It is sort of strange being where I am now, in someone else's house that feels like everything here (including the house itself) is here just in case. If all else fails they always have this place to come back to.

I'm finding myself thinking about maybe I should have a place like this, some small house out in the middle of nowhere that I can drive to any time of day or night, to find the power on and non-perishable food in the pantry and a few cases of bottled water in the closet. A car in the garage, gassed up and on a battery charger. Clothes. Tools. A generator. Internet. The extra expenses every month would be worth the peace of mind know it's there.

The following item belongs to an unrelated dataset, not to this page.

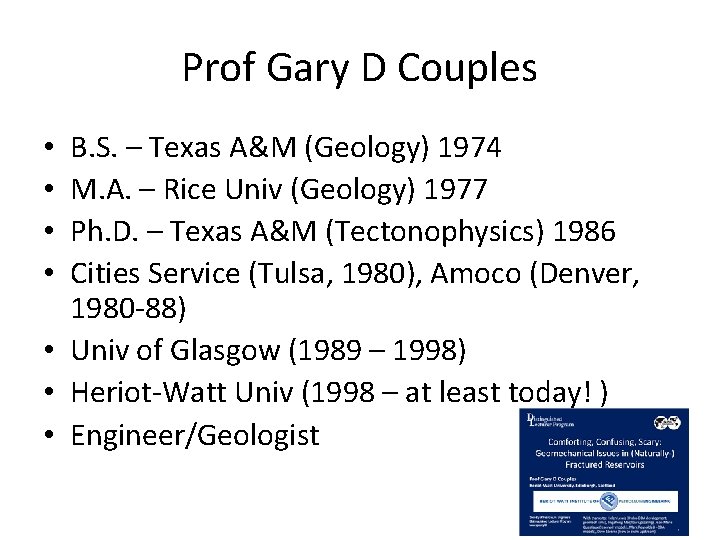 Prof Gary D Couples B. S. – Texas A&M (Geology) 1974 M. A. –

There is always the question of what's next; the answer to that is the same as it's been for a while now, I don't know. It's quiet here, out in the country, which at this point is pretty nice. I have a vehicle to drive, even if it is borrowed. I have a desk to sit at and work. I have a coffee maker and coffee. I have internet, although it's just me tethering to my phone. I'm setting up a work schedule, trying to get into some sort of routine, where I can work on the training I have available and get some resumes out.

More to come.

14 September 2016

Unwritten endings

I'm in Florida now, helping my sister get packed up and moved to Georgia. Moving, especially after being in one place for long enough to accumulate a lot of memories (some good, some not) is something I have some experience with. Driving a 20' rental truck is also something I have experience with, as once you've driven things like military trucks and school buses commanding a U-Haul is reasonably easy. Helping someone else move also means that I have a place to stay and something useful to do for a while.

The initial plan was to leave Florida early this week, and be in Georgia at the very latest by Thursday. We're behind schedule. The new plan is that my sister will continue to pack up stuff over the weekend and then we'll leave Florida on Monday, after I'm back from Hack the North at the University of Waterloo, ON.

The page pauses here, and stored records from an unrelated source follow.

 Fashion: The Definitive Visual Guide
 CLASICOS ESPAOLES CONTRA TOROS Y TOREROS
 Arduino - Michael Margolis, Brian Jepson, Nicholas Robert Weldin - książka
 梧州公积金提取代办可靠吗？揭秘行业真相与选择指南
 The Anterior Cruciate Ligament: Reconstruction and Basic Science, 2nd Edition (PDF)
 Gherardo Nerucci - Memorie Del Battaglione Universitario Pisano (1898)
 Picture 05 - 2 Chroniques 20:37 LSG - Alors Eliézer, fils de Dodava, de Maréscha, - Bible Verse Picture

The other part of the initial plan was that I'd fly from Atlanta to Chicago to get on the flight I already had booked from Chicago to Toronto for Hack the North. Now the plan is that tomorrow I'll fly from Ft. Lauderdale FL to Atlanta, then resume from there. I'm going to be spending a lot of time on airplanes and a lot of time in airports over the next week. This is not a bad thing, because I actually like airports and because I'll have some quality time to read and think.

There's a lot I have/want to read, and a lot I need to think about.


I sent a good-bye email to one of the non-production-related work mailing lists on my last day at work at Wisconsin. Doing so is an unwritten tradition, one where people say thank you and good bye and invite soon-to-be-former coworkers to connect on LinkedIn if they haven't already. Some people skip the email; I figured after seven years, I needed to say something about something, so I did.

While I'd been thinking for a long time about what I wanted to say, versus what I could and/or should say, I never really considered what would happen after sending it. I've also been relatively lazy about adding each semester's new student employees on Facebook. As a result I didn't know what to expect-- a bunch of new Facebook friends, a bunch of new Twitter followers, lots of people added to my LinkedIn network? Turns out a couple of people who I wasn't friends with on Facebook added me. One person sent a short note, a couple of weeks later, saying thanks.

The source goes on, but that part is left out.